Sur scène, une voix qui chuchote dans le noir, tout près. Une voix comme une caresse. Imperceptiblement, un halo de lumière révèle une femme assise, vêtue de soie claire, comme une image de rêve. Des crissements de tissu dans le silence. Une respiration. D’abord conteuse, la femme imite le tic-tac de l’horloge, le souffle du vent, l’oiseau qui gazouille… puis devient comédienne. La voix s’affirme peu à peu jusqu’à devenir forte. Elle nous raconte une histoire de femmes.
Une femme pour 17 autres, qui, tour à tour, vont s’incarner en elle. Toutes ces femmes vont parler. Parler comme on respire, comme on aime, comme on espère… Parler pour ne pas mourir… Parler pour vivre.
Une fille parle de sa mère inconsciente de sa ruine.
Une jeune fille rêve de partir pour vivre ailleurs, à Moscou.
Une jeune femme malade se demande où sort son mari le soir ?
Une mère se révolte contre un fils incompréhensif…
De Catherine Aymerie d'après Anton Tchekhov. Par la Cie Théâtre de la Rencontre.

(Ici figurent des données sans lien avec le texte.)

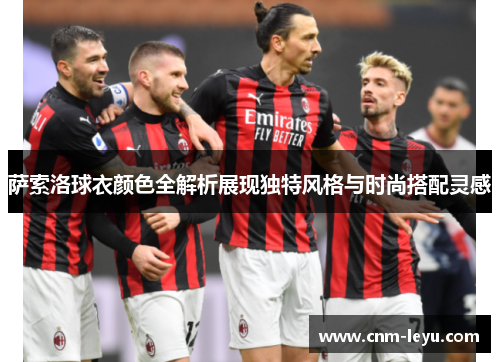 萨索洛球衣颜色全解析展现独特风格与时尚搭配灵感 萨索洛球衣颜色全解析展现独特风格与时尚搭配灵感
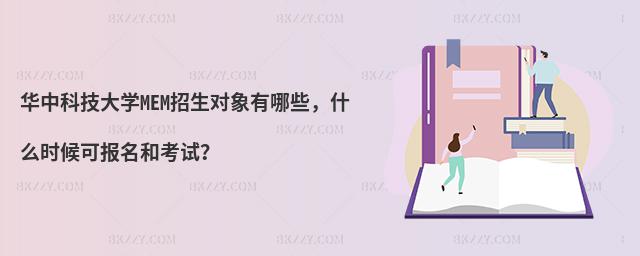 华中科技大学MEM招生对象有哪些，什么时候可报名和考试？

"J’ai toujours été passionnée par le théâtre de Tchekhov et j’ai toujours rêvé d’en interpréter tous les personnages féminins principaux. C’est de là que tout est parti. La seule façon de réaliser ce rêve, c’était de les réunir. Qu’est-ce que toutes ces voix féminines allaient donner ? Un lien existerait-il entre tous ces personnages ?
Je me suis demandée comment Irina, des Trois sœurs, jeune fille qui rêve de partir à Moscou, pouvait dialoguer ou cotoyer Lioubov Andréevna, de la Cerisaie, aristocrate ruinée et déchue… Comment Sonia, de l’Oncle Vania, petite paysanne amoureuse éperdue, pouvait répondre à Anna Prétovna de Platonov, veuve d’un Général, désoeuvrée, alcoolique et amoureuse ?...

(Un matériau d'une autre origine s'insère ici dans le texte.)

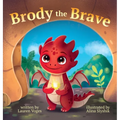 Brody the Brave: A dragon's tale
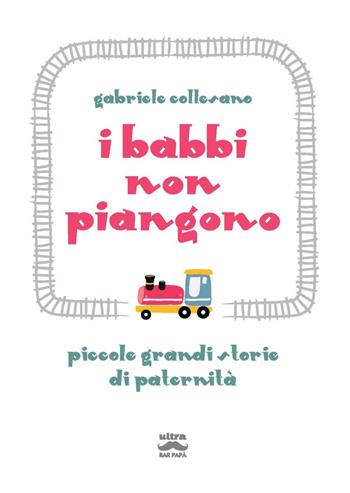 I babbi non piangono. Piccole grandi storie di paternità - Gabriele Collesano - Libro Ultra 2024, Bar papà | Libraccio.it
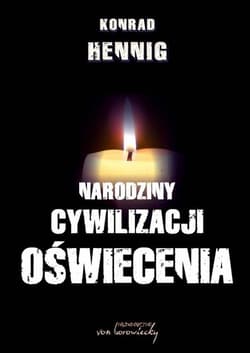 Narodziny cywilizacji oświecenia - Konrad Hennig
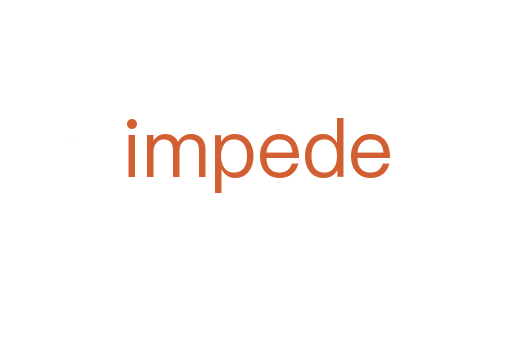 impede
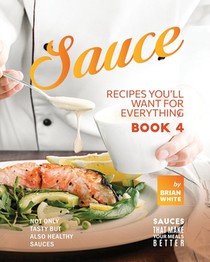Sauce Recipes You'll Want for Everything - Book 4: Not Only Tasty but Also Healthy Sauces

Ces juxtapositions, aussi contradictoires soient-elles, font apparaître une dramaturgie bouleversante, de femmes en fractures, universelles et intemporelles, éperdues de désir, d’espoir, de souffrance, de rage et d’amour. Elles chuchotent à notre cœur, au plus profond de nous, l’insondable mystère de l’existence."
Catherine Aymerie
Tout a commencé par une lecture que Catherine Aymerie m’a faite un jour, en tête à tête. J’ai été frappée par la magie de sa lecture car elle passait allègrement des didascalies à différents personnages, en créant à elle seule la rencontre de toutes ces femmes dans des lieux, des époques et des saisons différentes. Elle était conteuse, elle était Sonia, Anna…, elle était souffle du vent, tic tac de l’horloge, sifflement, chant… Je retrouvai mon âme d’enfant. D’autres lectures publiques ont suivi et m’ont amenée à lui proposer de l’accompagner dans son voyage imaginaire.
Un espace vide. Un sol très clair, comme une terre blanche fissurée. L’espace se transforme par la magie de la lumière et du son, partenaires de jeu de la comédienne. Ils ouvrent sur l’intimité et l’imaginaire de chaque personnage. Ils créent les saisons, les climats, les différents lieux (intérieur et extérieur.) Selon les couleurs et les intensités, ils rythment le spectacle et le mènent à son point d’orgue. Quelques accessoires de jeu, ainsi qu’un costume amovible, participent à cette transformation.
1er acte : Tout dort. Les femmes sont en sommeil dans l’obscurité. Les problèmes couvent.
2e acte : Tout s’éveille. Une énergie se met en place. Les femmes passent de l’ombre à la
lumière qui annonce un renouveau possible. Elles se préparent, s’enthousiasment et
s’impatientent.
3e acte : Tout explose. Dans une lumière intense presque rouge, comme un brasier, toutes ces
femmes libèrent leur rage, leur révolte, leur passion.
4e acte : Tout se rendort : jeunesse, rêves, illusions perdues et ce sommeil ressemble à la mort.
Mais malgré cela, ces femmes gardent au plus profond d’elles-mêmes leur courage, leur tendresse et leur foi en la vie.